TNW previously reported on China’s dedication to becoming the world’s leading AI superpower by 2025. That timeline may be in need of an update.
Perhaps even more troublesome is a Reutersreport indicating that Chinese firms have been “skirting U.S. oversight and gaining access to sensitive U.S. AI technology with potential military applications by buying stakes in U.S. firms.”
The report goes on to say US lawmakers have since addressed those concerns and efforts are underway to prevent further such circumvention, but it paints a high-definition picture of just how invested China is in the future of AI.
Furthering the rising specter of a world dominated by China’s AI-powered military are Kania’s observations on the direction the PLA is pursuing:
Certain PLA thinkers even anticipate the approach of a “singularity” on the battlefield, at which human cognition can no longer keep pace with the speed of decision-making and tempo of combat in future warfare.
It’s certainly terrifying to imagine a world where whoever has the best better-than-humans machines will claim military supremacy, but there’s probably still time for the US (and its allies) to change the trajectory.
The keys to success, according to CNAS, will involve the US engaging in a three-fold strategy:
- “Mitigate illicit and problematic technology transfers,” which sounds a lot like stopping rival countries from exploiting US AI startups.

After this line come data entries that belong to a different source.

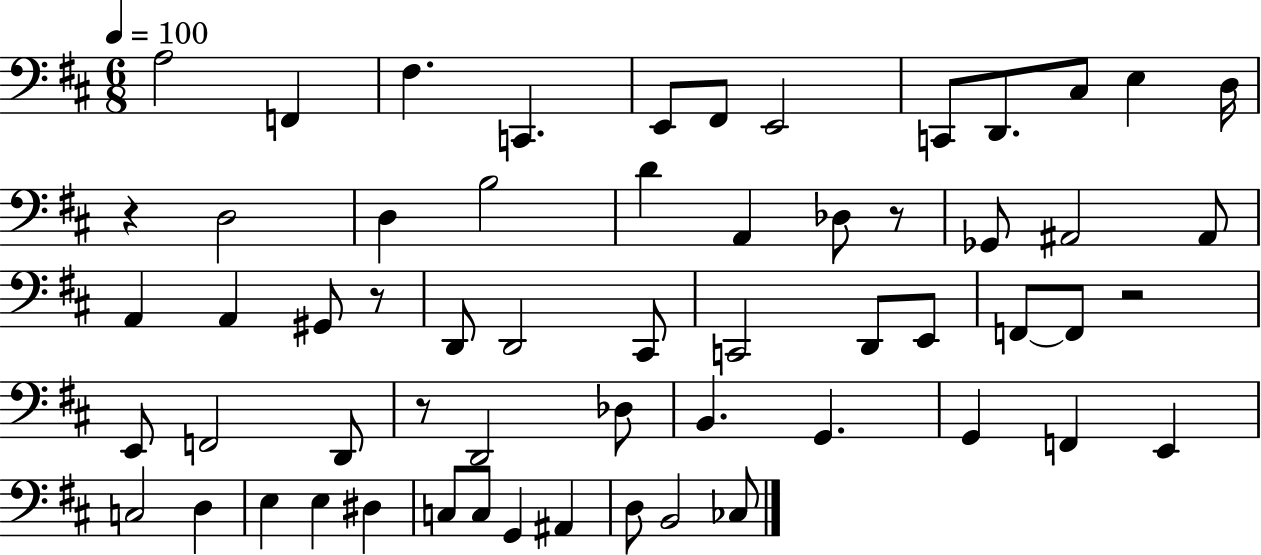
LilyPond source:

{
  \clef bass
  \numericTimeSignature
  \time 6/8
  \key d \major
  \tempo 4 = 100
  a2 f,4 | fis4. c,4. | e,8 fis,8 e,2 | c,8 d,8. cis8 e4 d16 | \break r4 d2 | d4 b2 | d'4 a,4 des8 r8 | ges,8 ais,2 ais,8 | \break a,4 a,4 gis,8 r8 | d,8 d,2 cis,8 | c,2 d,8 e,8 | f,8~~ f,8 r2 | \break e,8 f,2 d,8 | r8 d,2 des8 | b,4. g,4. | g,4 f,4 e,4 | \break c2 d4 | e4 e4 dis4 | c8 c8 g,4 ais,4 | d8 b,2 ces8 | \break \bar "|."
} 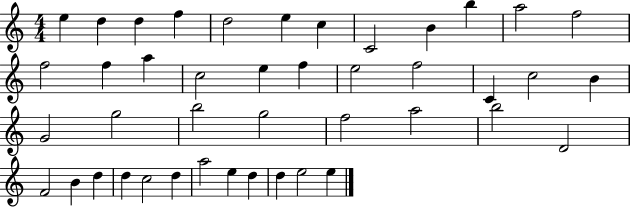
X:1
T:Untitled
M:4/4
L:1/4
K:C
e d d f d2 e c C2 B b a2 f2 f2 f a c2 e f e2 f2 C c2 B G2 g2 b2 g2 f2 a2 b2 D2 F2 B d d c2 d a2 e d d e2 e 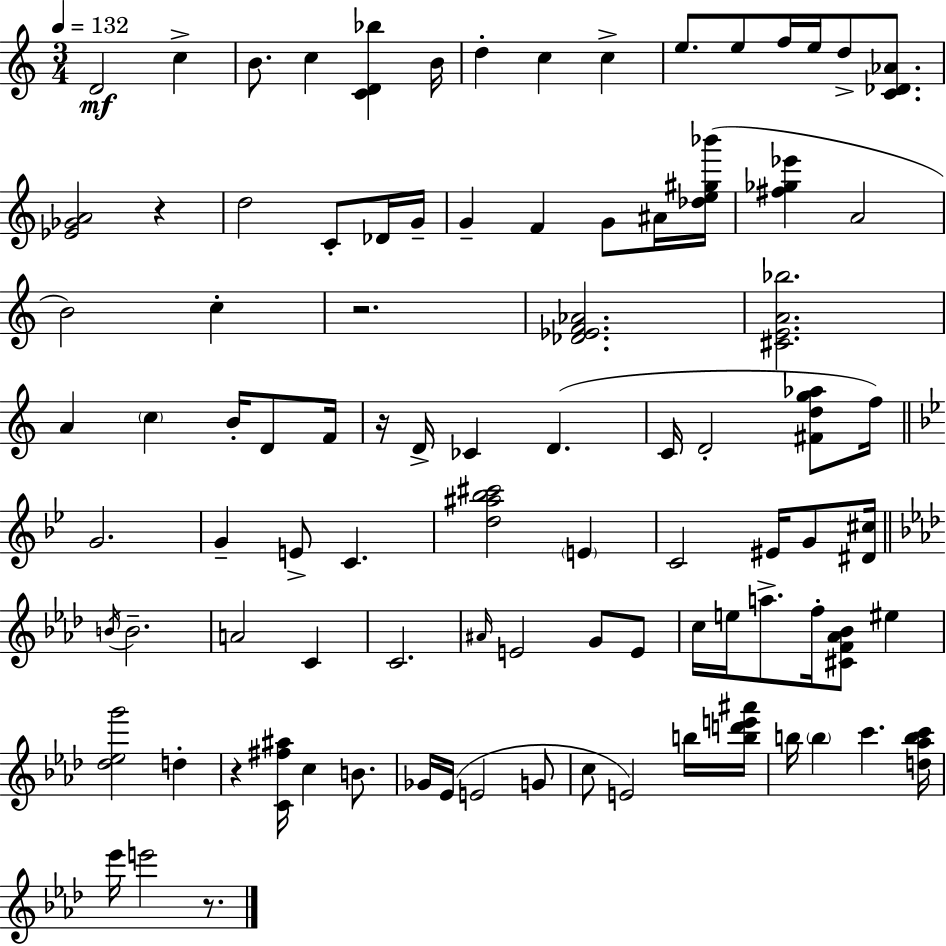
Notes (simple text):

D4/h C5/q B4/e. C5/q [C4,D4,Bb5]/q B4/s D5/q C5/q C5/q E5/e. E5/e F5/s E5/s D5/e [C4,Db4,Ab4]/e. [Eb4,Gb4,A4]/h R/q D5/h C4/e Db4/s G4/s G4/q F4/q G4/e A#4/s [Db5,E5,G#5,Bb6]/s [F#5,Gb5,Eb6]/q A4/h B4/h C5/q R/h. [Db4,Eb4,F4,Ab4]/h. [C#4,E4,A4,Bb5]/h. A4/q C5/q B4/s D4/e F4/s R/s D4/s CES4/q D4/q. C4/s D4/h [F#4,D5,G5,Ab5]/e F5/s G4/h. G4/q E4/e C4/q. [D5,A#5,Bb5,C#6]/h E4/q C4/h EIS4/s G4/e [D#4,C#5]/s B4/s B4/h. A4/h C4/q C4/h. A#4/s E4/h G4/e E4/e C5/s E5/s A5/e. F5/s [C#4,F4,Ab4,Bb4]/e EIS5/q [Db5,Eb5,G6]/h D5/q R/q [C4,F#5,A#5]/s C5/q B4/e. Gb4/s Eb4/s E4/h G4/e C5/e E4/h B5/s [B5,D6,E6,A#6]/s B5/s B5/q C6/q. [D5,Ab5,B5,C6]/s Eb6/s E6/h R/e.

- “Ensure that there is adequate funding for and investments in next-generation research and development,” an idea that would, presumably, work better if the Trump administration actually named a leader for its Office of Science and Technology Policy. Seriously, in 41 years no President has taken this long to fill this crucial post.
- “Sustain and build upon the current U.S. competitive advantage in human capital through formulating policies to educate and attract top talent,” something which, again presumably, would also work better if the Trump administration wasn’t clearly more interested in repelling immigrants than attracting talent.
It might be the right time for some like Elon Musk or Professor Hawking to clarify their doomsday statements on AI.
I wonder what they think the reward for second place (or third – behind Russia) will be.